En los momentos en que se inicia un nuevo año para la principal serie del fútbol amateur, urge una revisión de sus estatutos para permitir un avance en la profesionalización de sus jóvenes futbolistas.

Por GERARDO SILVA / Foto: ARCHIVO

La Tercera División vuelve para celebrar su temporada número 42. Recordemos que esta división se fundó en el año 1981, división ha tenido un prestigio enorme, muchos de los actuales equipos del fútbol profesional pasaron por esta competición.

En los años 80 y 90 los equipos que participaban, sin lugar a dudas, tenían el nivel de una primera división B del fútbol actual, esto lo digo con mucha responsabilidad, porque fui testigo de aquello. Clubes como Ñublense de Chillán, Curicó Unido, Arturo Fernández Vial, Universidad de Concepción, Iberia de los Ángeles, Magallanes, Deportes Copiapó, Unión La Calera, San Luis de Quillota, y muchos otros, prestigiaron este torneo.

Se viene la temporada 2023 y deseo hacer una reflexión al respecto de nuestra querida Tercera División del Fútbol amateur chileno. Es una competición que conozco muy bien desde sus inicios, para mi desarrollo personal y profesional ha significado mucho, soy un agradecido. La ANFA y su división de honor se ha transformado en un gran trampolín para que jugadores y técnicos den el salto cualitativo al fútbol profesional.

Lamentablemente, el crecimiento de esta categoría se ha visto frenada por los estatutos del organismo. La Federación de Fútbol de Chile no permite remuneración al futbolista aficionado, sin embargo, es de conocimiento público que los cuerpos técnicos y futbolistas ¡sí reciben incentivos económicos! Es imposible impedir este ejercicio.

El directorio de la Tercera División, para poder cumplir con sus reglamentos y estatutos, ha implementado un documento donde el futbolista declara y respalda bajo su firma, no recibir remuneraciones por jugar al fútbol en la categoría, un ejercicio anti valórico -porque no se cumple-, en un intento desesperado por legitimar y hacer prevalecer el espíritu del fútbol amateur.

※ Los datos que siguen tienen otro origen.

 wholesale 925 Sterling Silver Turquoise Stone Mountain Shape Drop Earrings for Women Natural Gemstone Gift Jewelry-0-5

Sin lugar a dudas, el fútbol es pasión de multitudes y el resultado siempre será merecedor de un premio, por esta razón creo que no podemos pretender tapar el sol con un dedo. Hasta en el barrio se le ofrece un incentivo económico al futbolista.

Por esta razón, creo que sería prudente hacer un estudio al respecto y entender que los tiempos han cambiado. Es cierto que hace algunas décadas el futbolista jugaba por amor a la camiseta y por amor al fútbol, pero en el siglo XXI todo tiene un precio, no podemos obviar algo tan evidente.

Quizá, y lo menciono desde el más profundo sentido común, la Asociación Nacional de Fútbol Amateur podría intentar algunos cambios estatutarios que les permita a los clubes de la división de honor del fútbol amateur, vale decir la Tercera División del fútbol chileno, contratar a sus futbolistas al menos por media jornada, part time. Con esta medida asegurar salud y prevención para el deportista.

Una medida como ésta no me cabe dudas sería muy bienvenida por los clubes conducidos por dirigentes serios y responsables, y para los futbolistas sería una gran noticia, definitivamente acabaría con los vicios y malas prácticas de la actualidad. Como, por ejemplo, no cumplir con los contratos de palabra celebrados entre dirigentes y futbolistas, situación en que el jugador es abusado sistemáticamente en sus legítimos derechos, porque «las palabras se las lleva el viento».

Esta norme no sólo ofrecería garantías a ambas partes, además permitiría favorecer la práctica del deporte, ayudando a un montón de jóvenes para que puedan continuar sus estudios. Se podría, así, reemplazar esa firma poco ética respaldando una mentira. Por otra parte, respaldaría una matrícula escolar obligatoria, para culminar estudios de enseñanza media o incorporarse a la enseñanza superior.

Qué lindo sería, no sólo se estaría culminando con éxito la etapa formativa del futbolista, sino que también ayudarlos a prepararse para la diversidad en el campo laboral. No olvidemos que los jugadores de la Tercera División “jubilan” a los 23 años, así sedignificaría y fortalecería la categoría, ofreciendo, de paso, un mejor espectáculo deportivo.

La Tercera División sería una verdadera antesala semiprofesional para que los clubes, y futbolistas que alcancen el profesionalismo se encuentren mejor preparados para la exigencia.

Para cumplir con esto se necesita una revisión y modificación a los estatutos del fútbol amateur y, por sobre todas las cosas, muchísima voluntad y un compromiso consciente de todos los estamentos del fútbol.